En attendant, que les événements qui surviennent soient liés à la politique ou non, la presse connaît une année agitée.

Dès le 26 août 1981, une commission composée des présidents des quatre sociétés (Radio-France, TF1, A2, FR3) et de représentants des syndicats se réunit pour étudier le dossier des journalistes licenciés pour faits de grève et activités syndicales ; 52 d'entre eux seront réintégrés.

À TF1, un conflit oppose André Harris, directeur général des programmes, à Jean-Marie Cavada, directeur de l'information. Le premier, chargé des dramatiques, des émissions culturelles, des variétés, estime avoir un droit de regard sur l'information, ce qui, après une longue série d'escarmouches, conduira à l'élimination du second. La présentation du nouvel organigramme, en septembre, provoque quelques remous. La diffusion, à une heure de grande écoute, d'un reportage sur un sujet délicat, Les trottoirs de Manille, déclenche une protestation de Georges Fillioud, qui envoie au P-DG de la chaîne une lettre sur ce qu'il considère comme une « erreur professionnelle grave ». Cette intervention, pour le moins maladroite, soulève une réprobation générale. Un journaliste, Jacques Hébert, est sanctionné pour avoir modifié une phrase dans une interview. La réflexion « À la télévision, rien n'a changé depuis le 10 mai » est amputée de ses trois premiers mots lors de la diffusion, ce qui est considéré comme une faute politique par les uns, mais aussi comme une erreur de montage par les autres. Après le départ volontaire de Philippe Vasseur, responsable de l'économie, le licenciement de Richard Vernay, rédacteur en chef du temps de Jean-Marie Cavada, Jean-François Robinet, chef du service social et responsable du service agriculture, est mis à l'écart.
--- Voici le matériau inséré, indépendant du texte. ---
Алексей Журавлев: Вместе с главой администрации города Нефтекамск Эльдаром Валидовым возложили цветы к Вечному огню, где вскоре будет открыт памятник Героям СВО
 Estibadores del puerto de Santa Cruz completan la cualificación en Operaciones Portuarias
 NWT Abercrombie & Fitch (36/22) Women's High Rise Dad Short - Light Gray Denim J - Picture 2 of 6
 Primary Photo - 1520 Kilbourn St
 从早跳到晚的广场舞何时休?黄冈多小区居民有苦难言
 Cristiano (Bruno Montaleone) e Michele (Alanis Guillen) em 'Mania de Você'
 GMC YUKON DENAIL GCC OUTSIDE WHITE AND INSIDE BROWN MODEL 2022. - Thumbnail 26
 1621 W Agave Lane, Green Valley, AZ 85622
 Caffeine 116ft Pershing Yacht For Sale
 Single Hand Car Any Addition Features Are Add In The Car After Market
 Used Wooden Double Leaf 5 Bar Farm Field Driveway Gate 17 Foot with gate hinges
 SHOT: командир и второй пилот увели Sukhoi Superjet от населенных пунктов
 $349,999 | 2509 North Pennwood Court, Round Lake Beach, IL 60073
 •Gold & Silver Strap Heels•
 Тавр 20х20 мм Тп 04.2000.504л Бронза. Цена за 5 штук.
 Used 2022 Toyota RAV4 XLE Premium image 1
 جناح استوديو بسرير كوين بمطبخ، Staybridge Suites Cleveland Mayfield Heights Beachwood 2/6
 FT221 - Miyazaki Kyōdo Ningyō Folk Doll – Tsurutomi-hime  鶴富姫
À A2, les journalistes se plaignent d'un manque de concertation et expriment leur défiance vis-à-vis du nouveau directeur de l'actualité, François-Henri de Virieu. Pierre Desgraupes crée treize unités de programmes. Il souhaite davantage de reportages et de magazines axés sur la France et la vie quotidienne. Il désire que soit diffusé une magazine économique et il tient à redonner au grand reportage ses lettres de noblesse.